How can I push a DSC configuration with encrypted MOF files without setting up certificates?

1
votes

I am trying to push a Desired State Configuration containing credentials to a remote server using Powershell 5.1. According to the DSC documentation, this should not be a problem, because "Beginning with PowerShell version 5.0, the entire MOF file is encrypted by default when it is applied to the node using the Start-DSCConfiguration cmdlet."

However, whenever I tried without using an encryption certificate, I always got the usual error message about plain text passwords in unencrypted MOF files (System.InvalidOperationException error processing property 'Credential' OF TYPE 'File': Converting and storing encrypted passwords as plain text is not recommended.).

Is this an error in the manual, or am I just doing it wrong? In other words: How can I push a DSC configuration with encrypted MOF files without setting up certificates?

1
powershellencryptiondsc
You were specifically using Start-DscConfiguration? Not using a pull server?briantist
@briantist Yes, I was not using a pull server. Howerver, I am new to DSC, so as noted above, I may be doing it wrong.Adrian Grigore
@briantist I finally figured out where I was wrong. See below.Adrian Grigore
Nice find, Adrian!briantist

1 Answers

2
votes

Automatic Encryption of push deployments is indeed working, but I misunderstood the error message and documentation and therefore also misinterpreted the result.

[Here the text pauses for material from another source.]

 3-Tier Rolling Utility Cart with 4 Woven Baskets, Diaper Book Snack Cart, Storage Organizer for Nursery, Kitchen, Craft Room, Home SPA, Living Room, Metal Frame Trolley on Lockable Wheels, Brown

The MOF files on my development machine are never encrypted, not even after pushing them to the target server. I guess that's what the error message refers to.

However, the MOF files on the target server (e.g. when looking at C:\Windows\System32\Configuration\Windows\pending.MOF) are indeed encrypted.

In other words, if push is the only deployment method used and the push script deletes the MOF files on the dev machine right after pushing them to the server, then it seems ok use plain text passwords in MOF files. But I still need to allow them explicitly with the PSDscAllowPlainTextPassword parameter.